This addition of sour cream in this coffee cake makes it so moist and delicious! This is one of my all-time favorite cake recipes, I have even made this cake with fresh blueberries adding in 1 tsp almond extract to replace the vanilla, or you can even add it in when using apples --- this cake is fantastic without the topping and just used as a white cake --- I usually double the brown sugar topping and spread half of the cake batter in the pan then sprinkle half of the topping then top with remaining batter, the batter will not really cover the topping mix if you are using a 13x9-inch pan but not to worry it will bake together just fine and besides you will be sprinkling the remaining batter on top anyway! --- serve this with whipped cream or ice cream, *SO* delicious!
- 1⁄2 cup shortening (Crisco is good)
- 1 cup sugar (or more or less to suit taste)
- 2 eggs
- 1 1⁄2 teaspoons vanilla extract or 1 1⁄2 teaspoons almond extract
- 2 cups flour
- 1 teaspoon baking powder
- 1 teaspoon baking soda
- 1⁄4 teaspoon salt
- 1 cup sour cream
- 4 medium apples, peeled and finely chopped (or 5 small apples)
- 1⁄2 cup chopped nuts
- 1⁄2 cup brown sugar, packed
- 1 teaspoon cinnamon
- 2 tablespoons butter
- Preheat oven to 350 degrees F.
- Set oven rack to second-lowest position.
- Grease a 13 x 9-inch baking pan (this can also be made in an 11 x 7-inch baking pan).
- In a mixing bowl, cream the shortening and sugar for a couple of minutes.
- Add in the eggs and vanilla or almond extract (if using); beat for about 5 minutes.
- In a bowl, sift together the flour, baking powder, baking soda and salt.
- Add to creamed mixture alternating with sour cream.
- Fold in the apples.
- Spread the batter into prepared baking pan.
- In a small bowl, combine the nuts, brown sugar, cinnamon and butter.
- Sprinkle the nut mixture evenly over the batter.
- Bake for 35-40 minutes, or until the cake tests done.
Best cake ever!

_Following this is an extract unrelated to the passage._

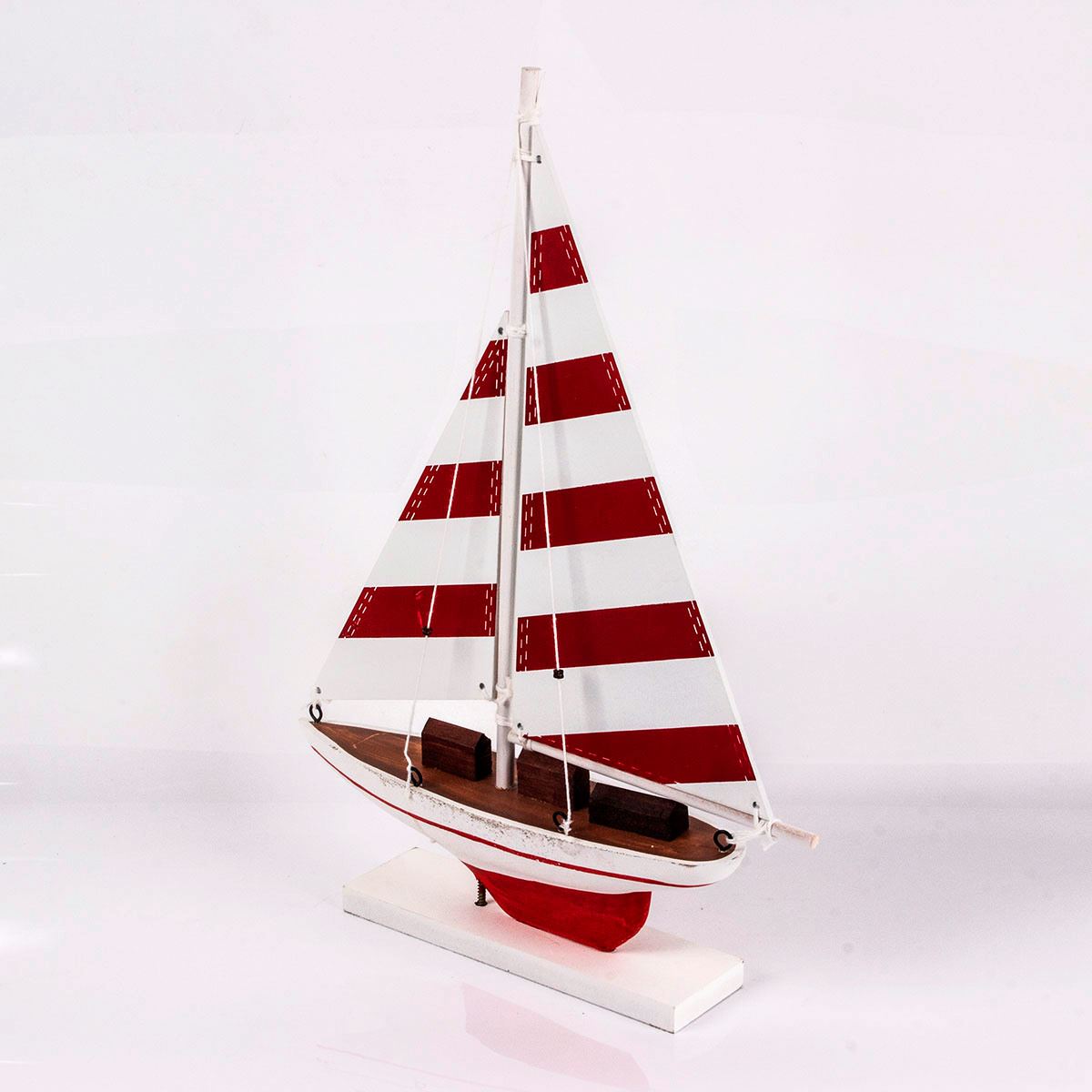 Velero de navegación decorativo rojo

Light, pluffy, not too sweet. I substituted the sour cream with yogurt. My family who cannot handle sweets LOVED it. I also made it as a cupcake.
Well it's gotten to the point at my house where when I tell my husband the recipe is from Kittencal, he says "Oh, good." You're a household name here. This was fantastic. I wasn't planning to make adjustments, but I discovered after I already started that I had no shortening or baking soda. I used a stick of unsalted butter for the shortening, and after perusing the internet, I used double the baking powder in place of the soda. It still turned out amazing. I used apples that I had frozen a couple of weeks ago and it still turned out great. My husband is chowing down on it as we speak.
what an incredible recipe. i followed it exactly, glad for the clarification from other reviewers about the amount of apple to use(2 cups), made it in a bundt pan, doubled the topping, put some in the bottom of the bundt pan, another portion in the middle of the batter and the rest on the "top" of the cake batter. cooked it for 40 minutes and it came out perfect.
delicious!! my 16 yo son literally ate the whole cake over two days.